Pemberton in Nevada Supreme Court, Nevada Coverage Law, Nevada Bad Faith Law, Mills & Associates Nevada Insurance and Coverage Lawyers, Las Vegas Insurance and Coverage Lawyers 702-240-6060However, many Nevada judges allow policyholders to proceed with claims for breach of contract and extra-contractual simultaneously.  This Nevada trend began with the case of Pemberton v. Farmers Ins. Co., 109 Nev. 789, 858 P.2d 380 (1993).  In that case, the policyholder filed a breach of contract action and bad faith action in the same complaint.   The insurance company argued that the policyholder had to obtain a judgment against the tortfeasor before any claim could move forward.

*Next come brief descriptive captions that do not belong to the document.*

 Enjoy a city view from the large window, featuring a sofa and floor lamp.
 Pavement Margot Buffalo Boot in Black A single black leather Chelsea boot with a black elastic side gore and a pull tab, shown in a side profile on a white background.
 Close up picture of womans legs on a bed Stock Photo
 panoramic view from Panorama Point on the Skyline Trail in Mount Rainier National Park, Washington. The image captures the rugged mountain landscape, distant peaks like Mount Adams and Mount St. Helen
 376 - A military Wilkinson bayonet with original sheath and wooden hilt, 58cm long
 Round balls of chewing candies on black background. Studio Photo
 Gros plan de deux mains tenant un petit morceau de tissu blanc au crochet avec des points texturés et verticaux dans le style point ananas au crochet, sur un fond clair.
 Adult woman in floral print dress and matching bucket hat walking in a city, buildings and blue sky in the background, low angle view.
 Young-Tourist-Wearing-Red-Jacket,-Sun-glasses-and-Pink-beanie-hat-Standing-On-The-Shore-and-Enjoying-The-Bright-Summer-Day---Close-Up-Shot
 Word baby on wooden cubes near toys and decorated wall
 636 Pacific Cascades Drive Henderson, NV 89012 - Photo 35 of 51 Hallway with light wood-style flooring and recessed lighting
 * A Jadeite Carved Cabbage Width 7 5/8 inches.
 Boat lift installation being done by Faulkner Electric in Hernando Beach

In Pemberton, the Nevada Supreme Court said:

We agree that an insured must demonstrate fault by the tortfeasor and the extent of damages before a claim for bad faith will lie. But, an insured is not required to obtain a judgment against the tortfeasor before he or she is entitled to receive proceeds under a UM policy. Brown v. USAA Casualty Ins., 840 P.2d 1203, 1204 (Kan.Ct.App. 1992).

Accordingly, we hold that an insured may institute a bad faith action against his or her insurer once the insured establishes “legal entitlement” and unreasonable conduct by the insurer concerning its obligations to the insureds.

Pemberton, 109 Nev. 789.

The fall out of the imprecise language of Pemberton has been that the policyholders have felt free to bring breach of contract and extra-contractual suits at the same time.  It is rare to see a UM / UIM breach of contract complaint without extra-contractual causes of action tacked on.

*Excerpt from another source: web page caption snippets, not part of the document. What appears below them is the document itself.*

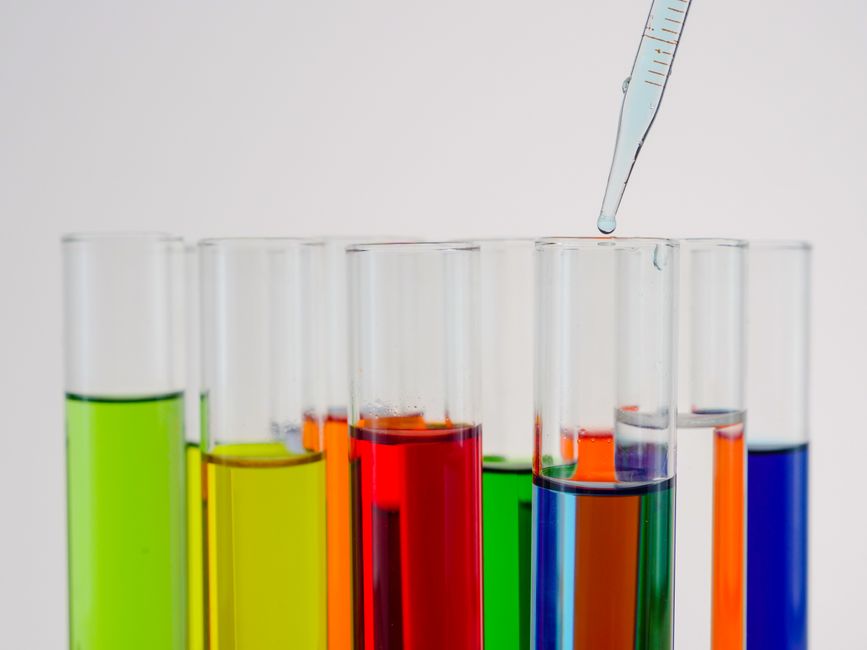 Primer plano de líquido colorido en tubos de ensayo con una pipeta de goteo en un entorno de laboratorio.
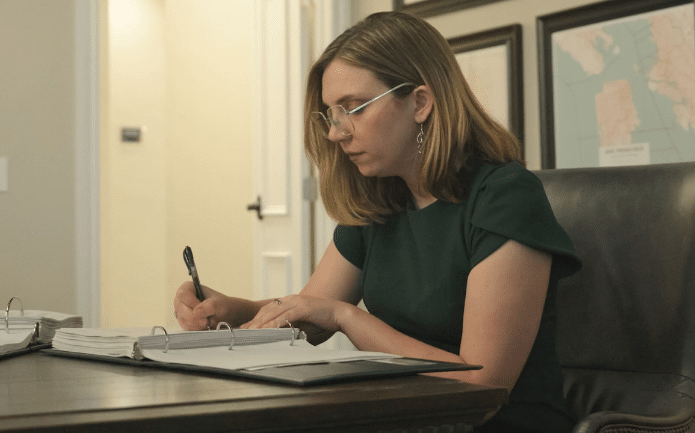 Katie A. MacKenzie reviewing estate planning drafts
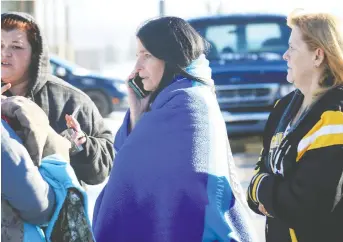  ?? NICK BRANCACCIO ?? Covered by an Essex-windsor EMS blanket, Mcgregor resident Jody Perron, centre, fled a fire at the Naples Pizza complex with her two children on Wednesday. A Gofundme campaign has been set up to benefit Perron's family.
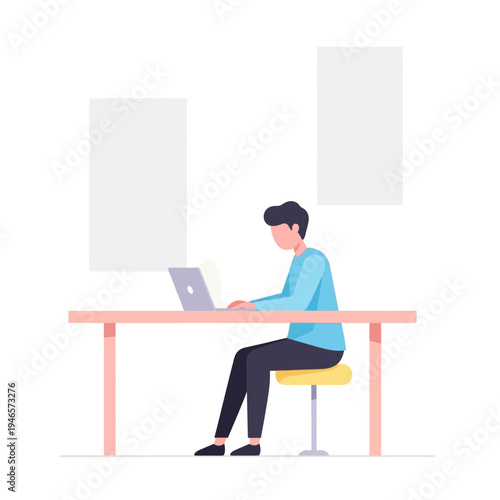 Man working on laptop at desk in office.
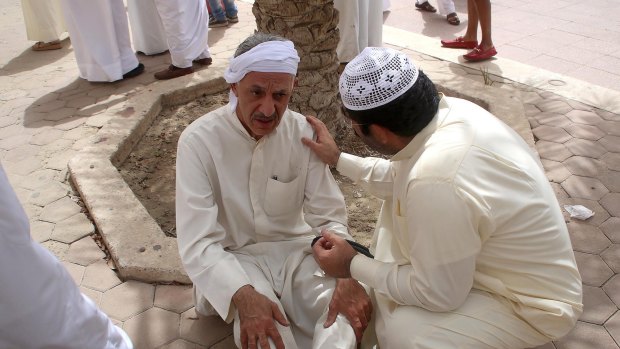 A Kuwaiti man reacts at the site of the suicide bombing.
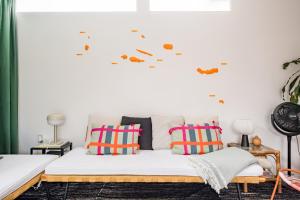 a bedroom with a bed with colorful pillows at 4BR, Garden & BBQ, 5min to Milícias Beach, Easy Park, Casa Yucca in São Roque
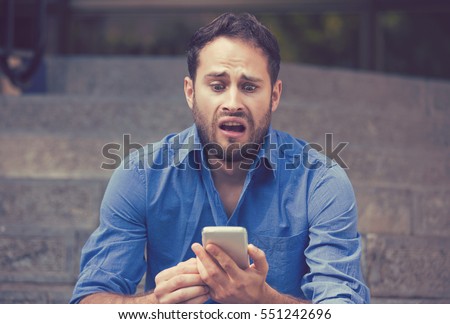 Anxious upset young scared man looking at phone seeing bad news or text message sitting on stairs outside corporate building. Human emotion, reaction, expression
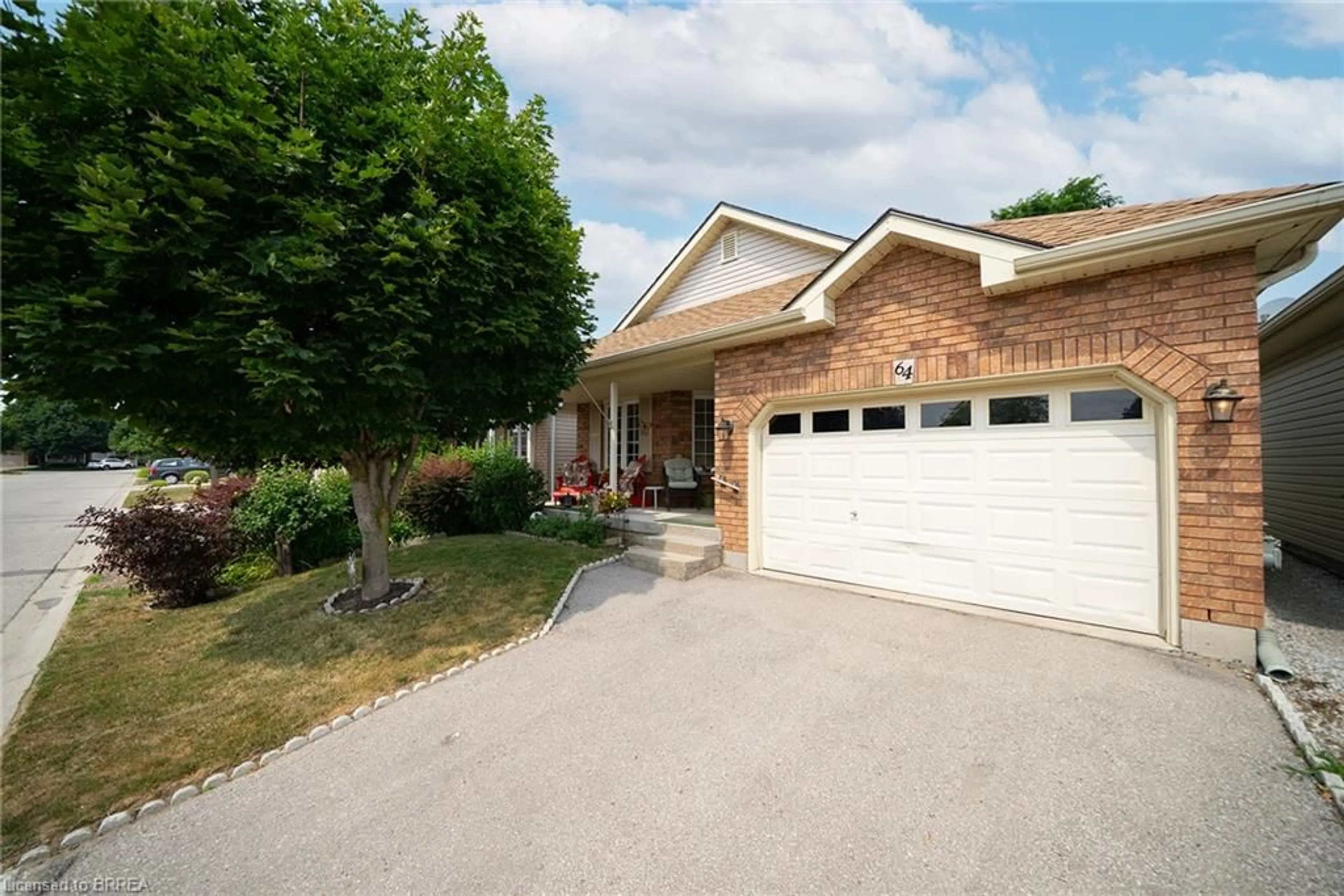 Home with brick exterior material, street for 64 Balsam Trail, Port Rowan Ontario N0E 1M0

Obviously, insurance companies have attempted to get clarity regarding what “legal entitlement” means, particularly where the only dispute that exists is the value of the claim.  There are decisions out of the U.S. District Court for Nevada that hold that extra-contractual claims should be held in abeyance or if nothing else, bifurcated from the contract claims until the latter are resolved.  See for example see, Carter v. State Farm Mut. Auto. Ins. Co., 1996 WL 901286 (D. Nev. 1996) and Martin v. State Farm Mut. Auto, Ins. Co., 960 F.Supp. 233 (1997).  However, the Nevada Supreme Court has not made any attempt to clarify itself and many judges read Pemberton as an open door to allow contract and extra-contractual claims to move forward together.

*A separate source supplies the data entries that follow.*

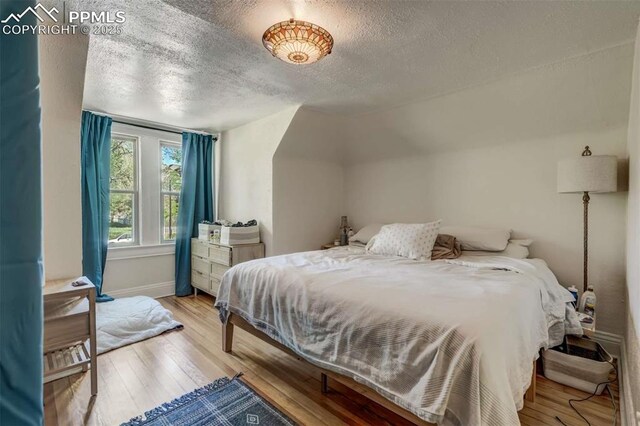519 W Bijou St, Colorado Springs, CO 80905 - bedroom with a textured ceiling, light wood-style flooring, and baseboards
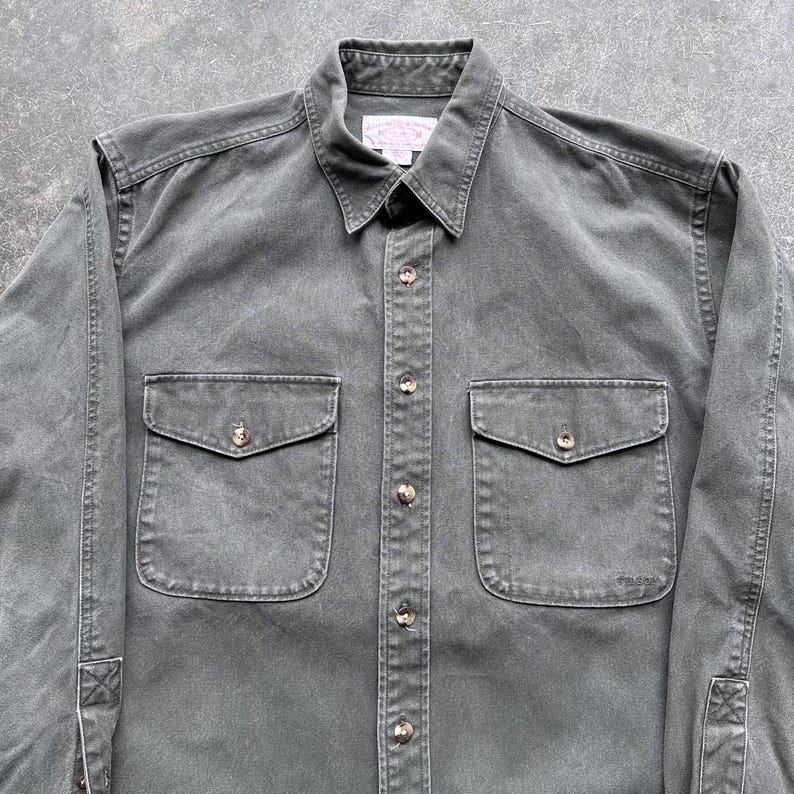 May include: A dark gray button-down shirt with two chest pockets and a collar. The shirt has long sleeves and a classic design. The buttons are a light brown color. The shirt is made of a durable fabric.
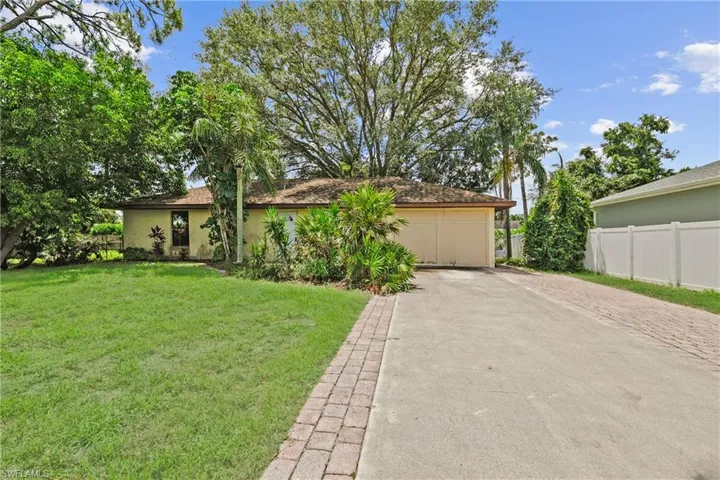 View of front facade with stucco siding and driveway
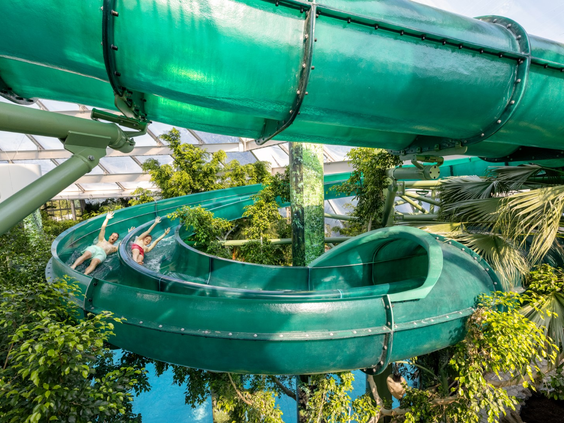 Een bezoeker glijdt met hoge snelheid door een lange, groene en deels doorzichtige waterglijbaan die tussen de tropische planten van Aqua Mundo slingert.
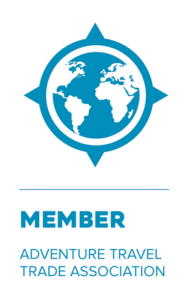 A blue and white logo featuring a globe inside a compass rose, with the text MEMBER and ADVENTURE TRAVEL TRADE ASSOCIATION below it, represents organizations like Antarctic Logistics and Expeditions connecting you to Antarctica adventures.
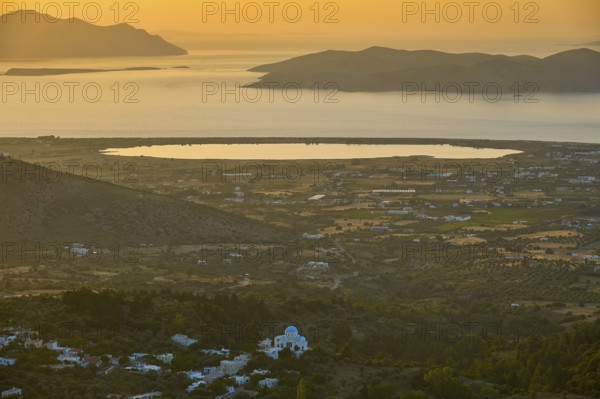 A view of a village and fields in front of the sea at sunset, salt lake, Tigaki, nature reserve, hydro biotope, Kos, Dodecanese, Greek Islands, Greece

Practically speaking, contact and extra-contractual suits that move forward together are not only difficult to manage, they are also expensive from a discovery and trial standpoint.  Not only is the company forced to litigate the value of the injury claim, it must also simultaneously conduct discovery on its claims practices and do its best to justify its claims decisions.  This practice requires twice as many experts as one would normally expect in a contract action alone.  The company must have experts regarding the extent of the injuries.  But it must have experts regarding the claims handling as well.  Often, it is difficult to even convince the court to bifurcate the trial of the two issues.

Defense counsel can employ a number of strategies to attempt to mitigate the costs and the complexity of such cases.  Each of the strategies can have its own risks.  But until the Nevada Supreme Court finally clarifies what it meant in Pemberton, there will continue to be confusion and expense.